[Data extracted from a collection]
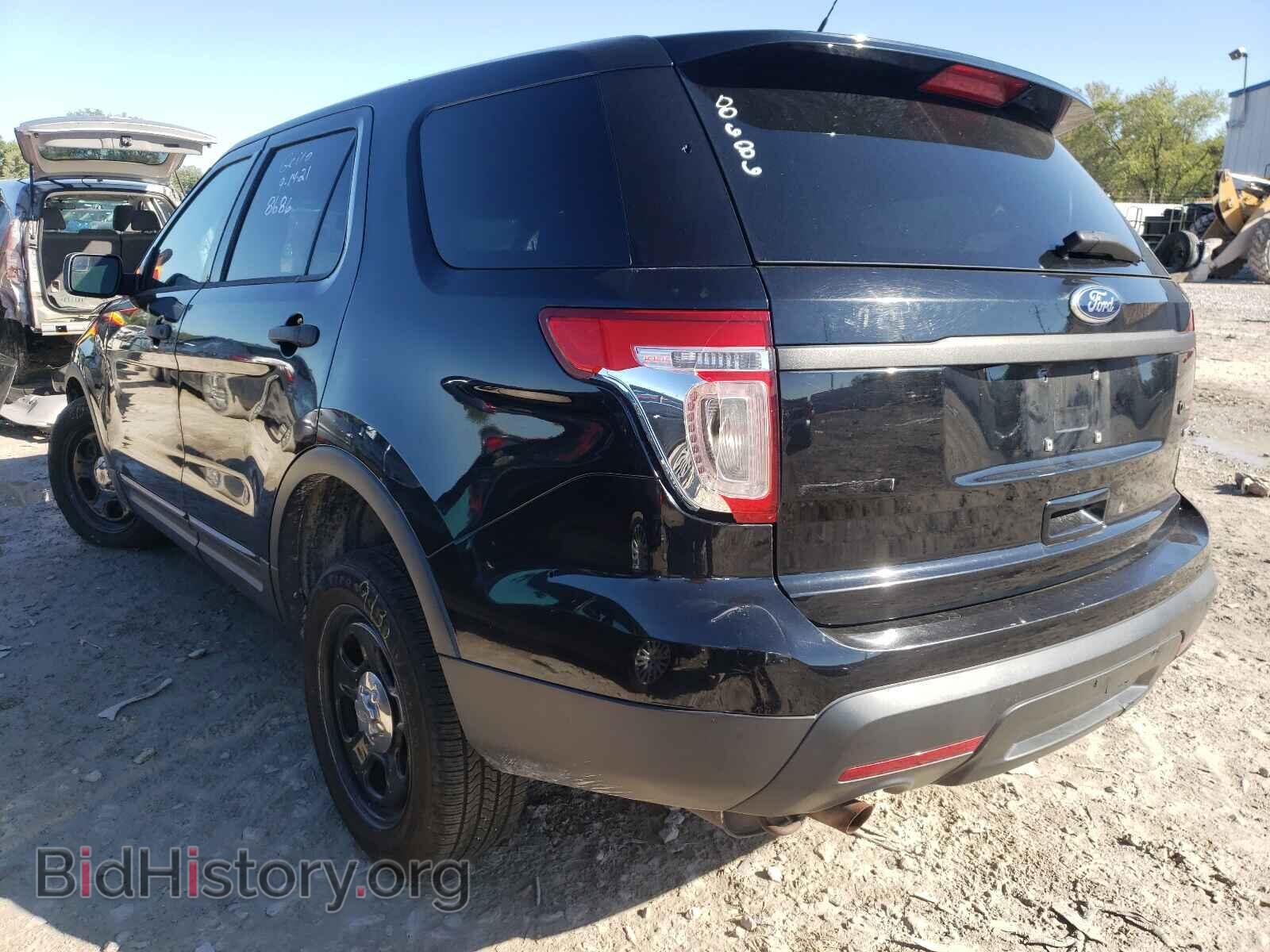 2013 FORD EXPLORER - VIN: 1FM5K8AR7DGA68686 - Photo 3
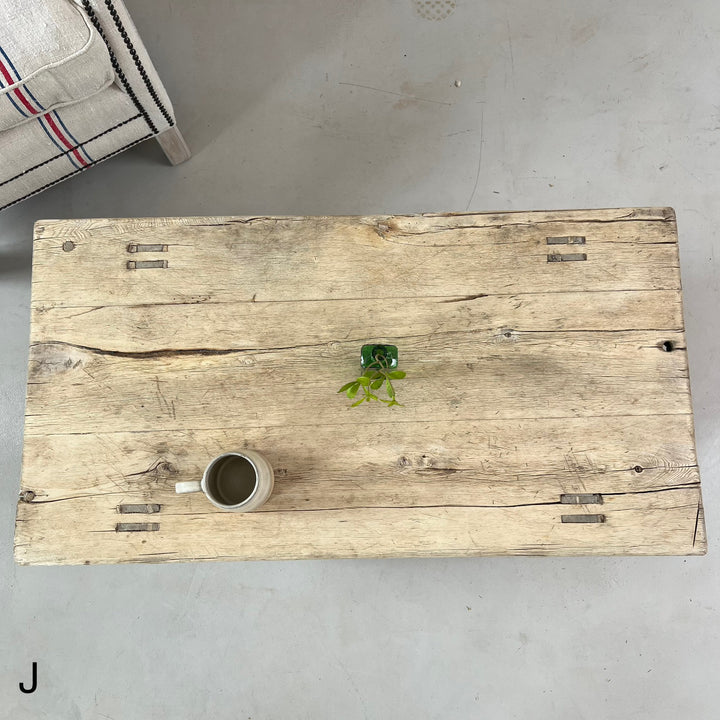 Large Antique Coffee Tables 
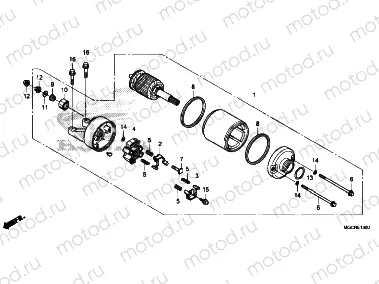 STARTING ENGINE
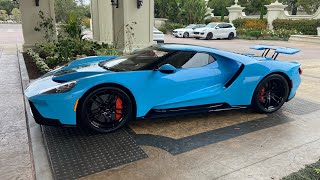 The Ford GT Supercar @ Wayne G. Hart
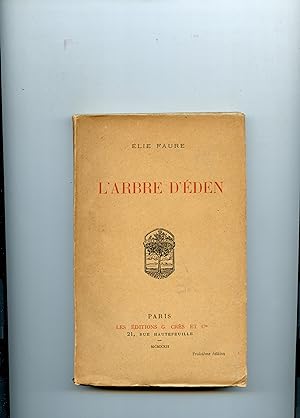 L' ARBRE D' EDEN . Troisième édition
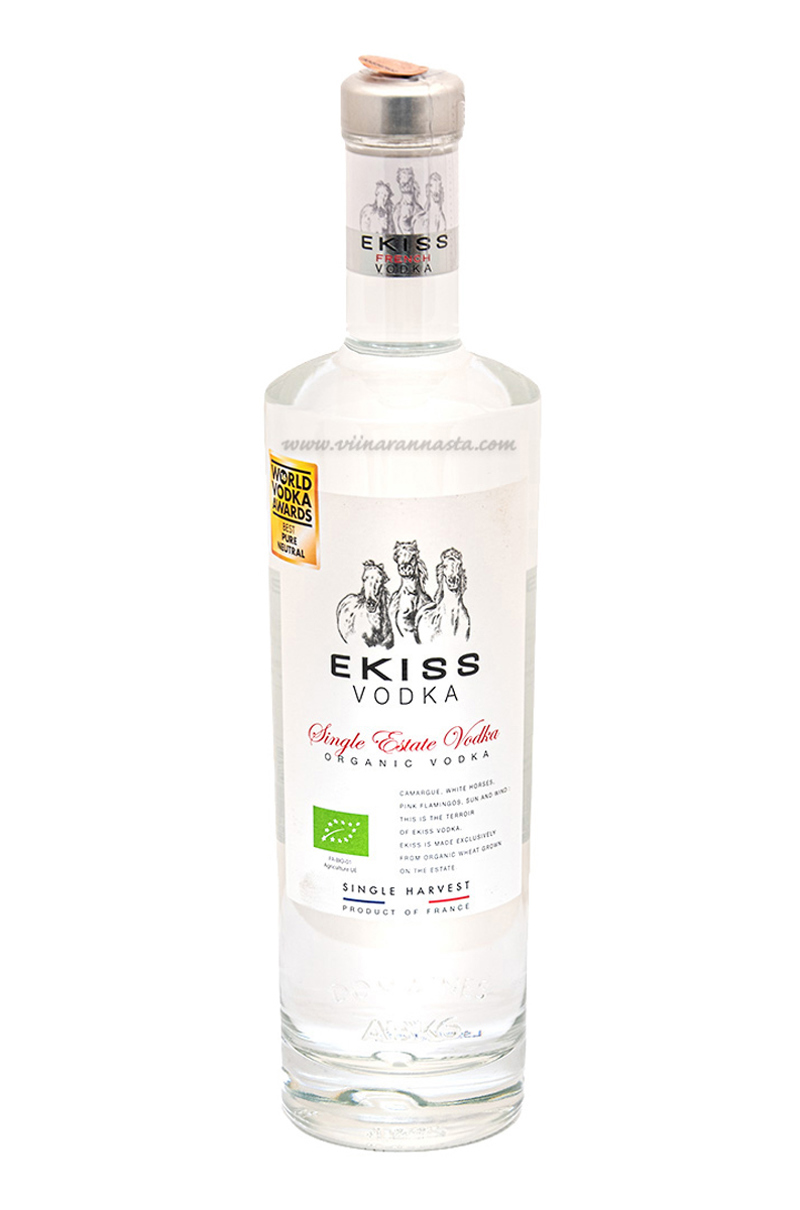 Vodka "Ekiss" 0.7l

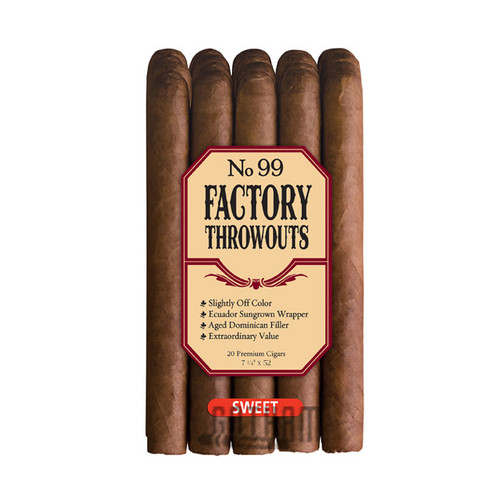 Factory Throwouts No.99 Sweet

## TO DO
When you repeat the data, keep it exact and drop every picture.

## WRITTEN RESPONSE
 2013 FORD EXPLORER - VIN: 1FM5K8AR7DGA68686 - Photo 3
 Large Antique Coffee Tables 
 STARTING ENGINE
 The Ford GT Supercar @ Wayne G. Hart
 L' ARBRE D' EDEN . Troisième édition
 Vodka "Ekiss" 0.7l

 Factory Throwouts No.99 Sweet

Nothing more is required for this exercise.